# Data below:
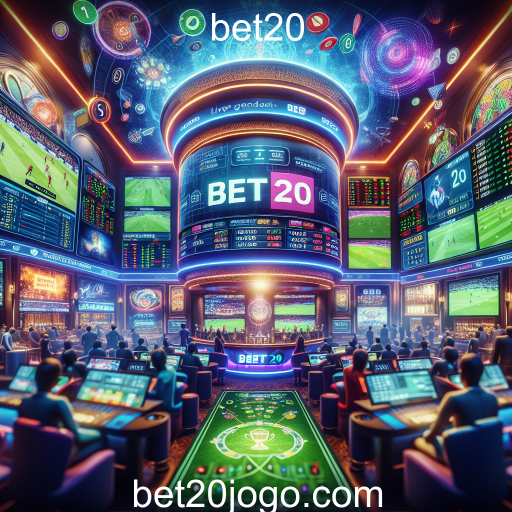 Apostas Ao Vivo: A Emoção em Tempo Real no Bet20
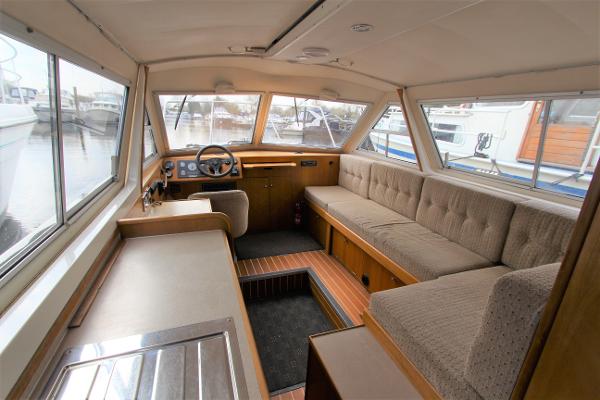 2005 Sheerline 740 Finesse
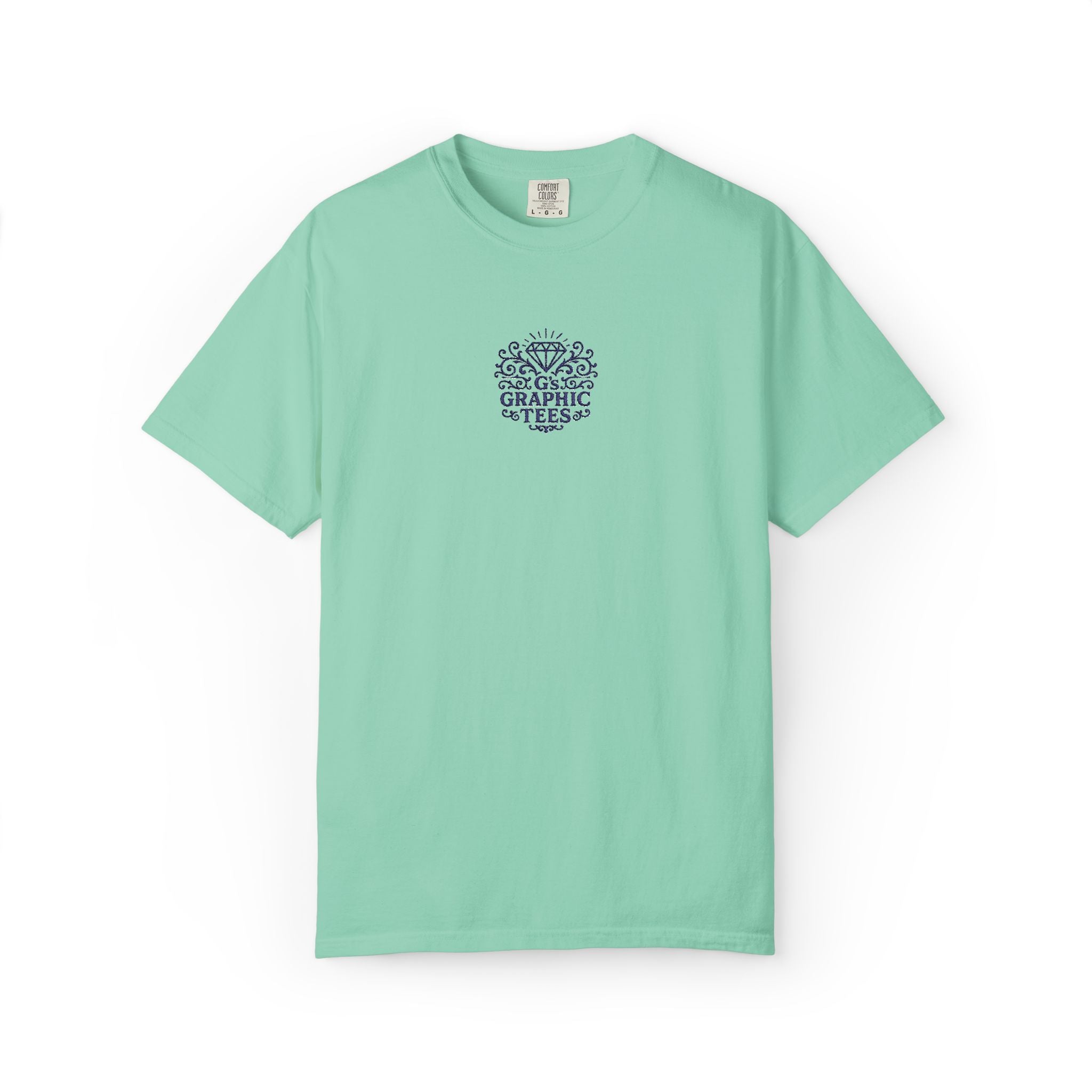 GGT Diamond Graphic Unisex T-Shirt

# Activity:
Everything from the line with "2005 Sheerline 740 Finesse" through the end of the listing above, both ends included, should be set down exactly; copy nothing else, and skip the pictures.

# Solution for this problem:
 2005 Sheerline 740 Finesse
 GGT Diamond Graphic Unisex T-Shirt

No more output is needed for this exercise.